Accounting policies applicable to the interim report
This interim report has been prepared in compliance with the IAS 34 Interim Financial Reporting standard, and the accounting policies are in line with those of the annual financial statements. The operations of the manufacturing unit in India have been consolidated with the reported figures as of 1 June 2007, and as a result the figures presented in this report are not comparable with those of the corresponding period in 2006.
Revenue and financial performance in July-September
Third-quarter revenue increased by 7.7% on the previous quarter to EUR 20.6 million. This represents a decline of 5.6% on the same period last year.
Operating profit in July-September was EUR 0.6 million negative (0.6 million positive). 

Revenue and financial performance in January-September
Incap’s revenue in January-September was EUR 56.7 million, down approximately 13% on the same period in 2006 (Jan.-Sep. 2006: EUR 65.3 million).
Operating profit in January-September was EUR 1.7 million negative (3.2 million positive), or 3.0% negative of revenue (4.8% positive). The result includes non-recurring expenses totalling approximately EUR 0.6 million associated with business development and implementation of the growth strategy, EUR 0.5 million of which is attributable to India.

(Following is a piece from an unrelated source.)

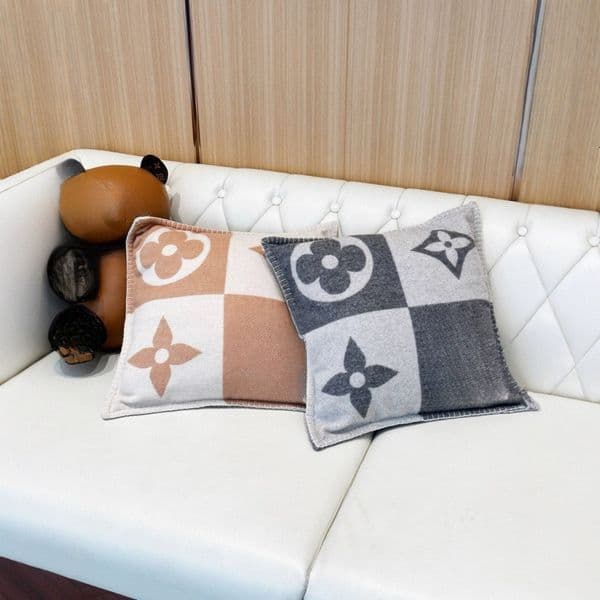 2025 New High quality Wool pillow/blanket classic old flower print textile sofa car home decoration pillow throw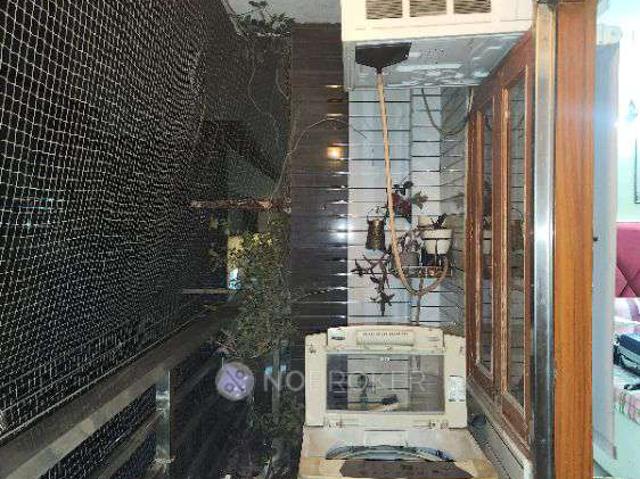 Flat for sale in South West Delhi, Deri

Net profit for the report period amounted to EUR 2.6 million negative (3.6 million positive), or 4.5% negative of revenue (5.5% positive). Earnings per share (EPS) amounted to EUR 0.21 negative (0.30 positive), while equity per share stood at EUR 1.46 (1.69).

Development of operations
In the third quarter, Incap’s revenue increased on the previous quarters. A sharp decline in deliveries of telecommunications products at the beginning of the year was reflected in revenue for the entire report period. Third-quarter revenue was reduced by difficulties in the supply of certain components and by the prolonged start-up of certain new products.
New supply agreements with customers in various industries were signed during the report period. The number of new products at prototype and pre-production stages was higher than usual during the third quarter.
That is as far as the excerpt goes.